**Problem to solve:** A faithful copy of all the data below, please; leave no line out.

**Record extracts:**
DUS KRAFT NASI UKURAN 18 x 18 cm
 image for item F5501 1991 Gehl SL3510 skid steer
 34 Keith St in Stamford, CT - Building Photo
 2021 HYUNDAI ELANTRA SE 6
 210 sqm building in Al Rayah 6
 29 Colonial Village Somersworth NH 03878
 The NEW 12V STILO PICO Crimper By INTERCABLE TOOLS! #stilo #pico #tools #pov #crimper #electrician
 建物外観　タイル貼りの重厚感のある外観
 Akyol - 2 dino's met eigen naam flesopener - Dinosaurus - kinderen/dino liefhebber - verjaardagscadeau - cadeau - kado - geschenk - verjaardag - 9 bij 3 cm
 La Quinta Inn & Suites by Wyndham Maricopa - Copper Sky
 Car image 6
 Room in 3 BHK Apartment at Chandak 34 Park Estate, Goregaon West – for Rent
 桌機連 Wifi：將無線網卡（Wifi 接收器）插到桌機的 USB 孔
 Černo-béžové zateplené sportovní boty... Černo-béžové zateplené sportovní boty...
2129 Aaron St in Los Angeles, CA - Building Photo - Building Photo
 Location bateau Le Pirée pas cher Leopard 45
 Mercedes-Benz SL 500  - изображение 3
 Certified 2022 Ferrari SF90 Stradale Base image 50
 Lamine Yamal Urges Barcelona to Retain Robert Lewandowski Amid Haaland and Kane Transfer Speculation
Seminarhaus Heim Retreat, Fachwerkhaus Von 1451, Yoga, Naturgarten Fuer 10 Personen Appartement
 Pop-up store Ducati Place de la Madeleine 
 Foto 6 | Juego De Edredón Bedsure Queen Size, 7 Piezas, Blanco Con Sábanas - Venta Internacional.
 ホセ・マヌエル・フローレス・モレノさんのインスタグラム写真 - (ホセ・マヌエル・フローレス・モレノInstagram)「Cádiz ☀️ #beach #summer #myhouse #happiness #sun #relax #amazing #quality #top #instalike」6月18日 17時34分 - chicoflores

**Exercise output:**
DUS KRAFT NASI UKURAN 18 x 18 cm
 image for item F5501 1991 Gehl SL3510 skid steer
 34 Keith St in Stamford, CT - Building Photo
 2021 HYUNDAI ELANTRA SE 6
 210 sqm building in Al Rayah 6
 29 Colonial Village Somersworth NH 03878
 The NEW 12V STILO PICO Crimper By INTERCABLE TOOLS! #stilo #pico #tools #pov #crimper #electrician
 建物外観　タイル貼りの重厚感のある外観
 Akyol - 2 dino's met eigen naam flesopener - Dinosaurus - kinderen/dino liefhebber - verjaardagscadeau - cadeau - kado - geschenk - verjaardag - 9 bij 3 cm
 La Quinta Inn & Suites by Wyndham Maricopa - Copper Sky
 Car image 6
 Room in 3 BHK Apartment at Chandak 34 Park Estate, Goregaon West – for Rent
 桌機連 Wifi：將無線網卡（Wifi 接收器）插到桌機的 USB 孔
 Černo-béžové zateplené sportovní boty... Černo-béžové zateplené sportovní boty...
2129 Aaron St in Los Angeles, CA - Building Photo - Building Photo
 Location bateau Le Pirée pas cher Leopard 45
 Mercedes-Benz SL 500  - изображение 3
 Certified 2022 Ferrari SF90 Stradale Base image 50
 Lamine Yamal Urges Barcelona to Retain Robert Lewandowski Amid Haaland and Kane Transfer Speculation
Seminarhaus Heim Retreat, Fachwerkhaus Von 1451, Yoga, Naturgarten Fuer 10 Personen Appartement
 Pop-up store Ducati Place de la Madeleine 
 Foto 6 | Juego De Edredón Bedsure Queen Size, 7 Piezas, Blanco Con Sábanas - Venta Internacional.
 ホセ・マヌエル・フローレス・モレノさんのインスタグラム写真 - (ホセ・マヌエル・フローレス・モレノInstagram)「Cádiz ☀️ #beach #summer #myhouse #happiness #sun #relax #amazing #quality #top #instalike」6月18日 17時34分 - chicoflores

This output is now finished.